Vanwege de uitbreidingssfeer van de Subsidieregeling naar een R-net treincorridor is het eerste lid gewijzigd en is een tweede en derde lid toegevoegd. Het eerste lid ziet alleen op een R-net buscorridor; het tweede lid op een R-net treincorridor.

Tweede lid

Het tweede lid bepaalt dat de maximale bijdrage per treinstation € 0,5 miljoen bedraagt, zulks conform de ”Bestuursovereenkomsten vanwege het HOV-net Zuid-Holland Noord”.

Uit het beschikbare bedrag dienen zowel de noodzakelijke maatregelen op de treinstations zelf, uit te voeren door ProRail, als de maatregelen in iedere stationsomgeving, uit te voeren door de betreffende gemeente, te worden betaald. De noodzakelijke werkzaamheden van ProRail hebben daarbij prioriteit; het gaat hierbij om fietsparkeerplaatsen en stationsoutillage. Het restantbedrag na aftrek van de benodigde kosten van ProRail is beschikbaar voor (her)inrichting van de stationsomgeving.

Derde lid

In afwijking van het tweede lid geeft het derde lid Gedeputeerde de mogelijkheid om, indien zich binnen de gemeente meerdere treinstations bevinden, gemeenten de ruimte te geven om zelf te bepalen welk subsidiebedrag ten behoeve van elke afzonderlijke stationsomgeving wordt besteed, mits de gemeente in de aanvraag gemotiveerd heeft aangegeven welke kwaliteitsimpuls aan iedere stationsomgeving wordt gegeven, en deze naar het oordeel van gedeputeerde staten voldoende is.
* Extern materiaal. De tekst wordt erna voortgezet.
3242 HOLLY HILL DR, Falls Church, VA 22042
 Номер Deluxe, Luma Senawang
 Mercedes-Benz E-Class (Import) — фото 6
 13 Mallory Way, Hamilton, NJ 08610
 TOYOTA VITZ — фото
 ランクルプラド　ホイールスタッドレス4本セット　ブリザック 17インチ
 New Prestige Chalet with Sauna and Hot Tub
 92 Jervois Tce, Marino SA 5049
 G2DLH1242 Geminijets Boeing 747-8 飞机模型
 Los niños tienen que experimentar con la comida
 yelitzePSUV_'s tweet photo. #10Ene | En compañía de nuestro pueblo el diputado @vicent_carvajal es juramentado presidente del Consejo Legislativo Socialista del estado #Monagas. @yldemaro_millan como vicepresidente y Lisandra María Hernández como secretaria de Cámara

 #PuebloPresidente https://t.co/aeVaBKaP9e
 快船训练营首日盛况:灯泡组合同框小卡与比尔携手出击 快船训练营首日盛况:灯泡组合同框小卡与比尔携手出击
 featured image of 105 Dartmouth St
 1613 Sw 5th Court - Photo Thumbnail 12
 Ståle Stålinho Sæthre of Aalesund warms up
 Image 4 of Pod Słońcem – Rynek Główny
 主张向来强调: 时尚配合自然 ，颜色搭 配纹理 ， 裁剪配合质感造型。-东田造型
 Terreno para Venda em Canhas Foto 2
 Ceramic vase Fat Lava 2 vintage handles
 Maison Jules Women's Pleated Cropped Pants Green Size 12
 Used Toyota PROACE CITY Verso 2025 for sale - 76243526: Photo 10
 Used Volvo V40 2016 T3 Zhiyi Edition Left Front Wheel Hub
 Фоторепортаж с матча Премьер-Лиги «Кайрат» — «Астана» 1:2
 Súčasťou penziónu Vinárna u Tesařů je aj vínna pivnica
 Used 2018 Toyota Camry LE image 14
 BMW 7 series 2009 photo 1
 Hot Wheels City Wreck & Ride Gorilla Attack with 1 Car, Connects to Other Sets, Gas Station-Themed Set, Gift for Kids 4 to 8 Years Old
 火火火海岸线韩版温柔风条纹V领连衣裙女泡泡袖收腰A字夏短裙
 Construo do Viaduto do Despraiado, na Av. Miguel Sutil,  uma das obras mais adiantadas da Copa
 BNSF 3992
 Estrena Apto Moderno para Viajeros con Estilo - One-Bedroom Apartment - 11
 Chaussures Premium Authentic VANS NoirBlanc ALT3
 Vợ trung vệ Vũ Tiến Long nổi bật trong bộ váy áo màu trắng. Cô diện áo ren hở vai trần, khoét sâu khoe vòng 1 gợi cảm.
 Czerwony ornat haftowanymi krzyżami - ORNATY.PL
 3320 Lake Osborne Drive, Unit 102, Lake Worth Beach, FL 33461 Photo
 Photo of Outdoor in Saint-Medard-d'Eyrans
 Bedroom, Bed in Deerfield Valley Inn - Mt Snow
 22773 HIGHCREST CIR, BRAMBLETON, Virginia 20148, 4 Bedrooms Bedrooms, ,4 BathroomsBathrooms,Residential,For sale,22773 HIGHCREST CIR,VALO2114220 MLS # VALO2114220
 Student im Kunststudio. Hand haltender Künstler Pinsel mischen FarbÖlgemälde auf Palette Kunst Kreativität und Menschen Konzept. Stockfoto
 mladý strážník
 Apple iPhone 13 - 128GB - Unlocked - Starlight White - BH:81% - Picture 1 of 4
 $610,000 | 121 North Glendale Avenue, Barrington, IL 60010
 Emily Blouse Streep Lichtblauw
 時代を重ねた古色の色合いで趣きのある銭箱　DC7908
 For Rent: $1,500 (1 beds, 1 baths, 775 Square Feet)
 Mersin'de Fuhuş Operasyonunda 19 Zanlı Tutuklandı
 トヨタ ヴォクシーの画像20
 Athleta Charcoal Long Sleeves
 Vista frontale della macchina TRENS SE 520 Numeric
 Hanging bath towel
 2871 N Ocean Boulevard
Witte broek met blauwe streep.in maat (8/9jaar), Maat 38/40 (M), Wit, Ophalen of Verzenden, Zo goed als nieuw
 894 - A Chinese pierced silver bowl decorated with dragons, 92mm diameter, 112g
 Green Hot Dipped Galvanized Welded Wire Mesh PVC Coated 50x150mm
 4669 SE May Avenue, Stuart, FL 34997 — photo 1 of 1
Dit kan betekenen dat een gemeente met 2 stations € 0,6 miljoen in de ene stationsomgeving en € 0,4 miljoen in de andere stationsomgeving mag investeren. Wel verbindt het derde lid hier de voorwaarde aan dat iedere stationsomgeving van de R-net treincorridor een kwaliteitsimpuls wordt gegeven en daarmee wordt verbeterd of aantrekkelijker wordt gemaakt. Bij ‘kwaliteitsimpuls’ kan gedacht worden aan verbetering van de ketenmobiliteit (bijv. voldoende P+R plaatsen en fietsparkeergelegenheid), sociale veiligheid en toegankelijkheid van de R-net corridor. Met andere woorden in iedere stationsomgeving van de R-net treincorridor zal moeten worden geïnvesteerd.

Artikel 8

Vanwege de uitbreidingssfeer van de Subsidieregeling is in artikel 8 een verwijzing naar artikel 2, tweede lid, opgenomen, zodat de verplichting om zorg te dragen voor de voortgang van de uitvoering van een infrastructurele maatregel ook geldt voor een R-net treincorridor.

Artikel 9

De aanpassing van het vierde lid maakt dat de bepaling over verantwoording ook geldt voor subsidies die worden verstrekt ten behoeve van R-net treincorridors. Artikel 9 maakt het mogelijk om naast de door de Algemene subsidieverordening Zuid-Holland 2013 gevraagde bescheiden ten behoeve van verantwoording (dat wil zeggen activiteitenverslag en voor subsidies van meer dan 125.000 euro: een financieel verslag en jaarrekening met accountantsverklaring), een proces-verbaal van de uitvoering van de infrastructurele maatregelen te vereisen.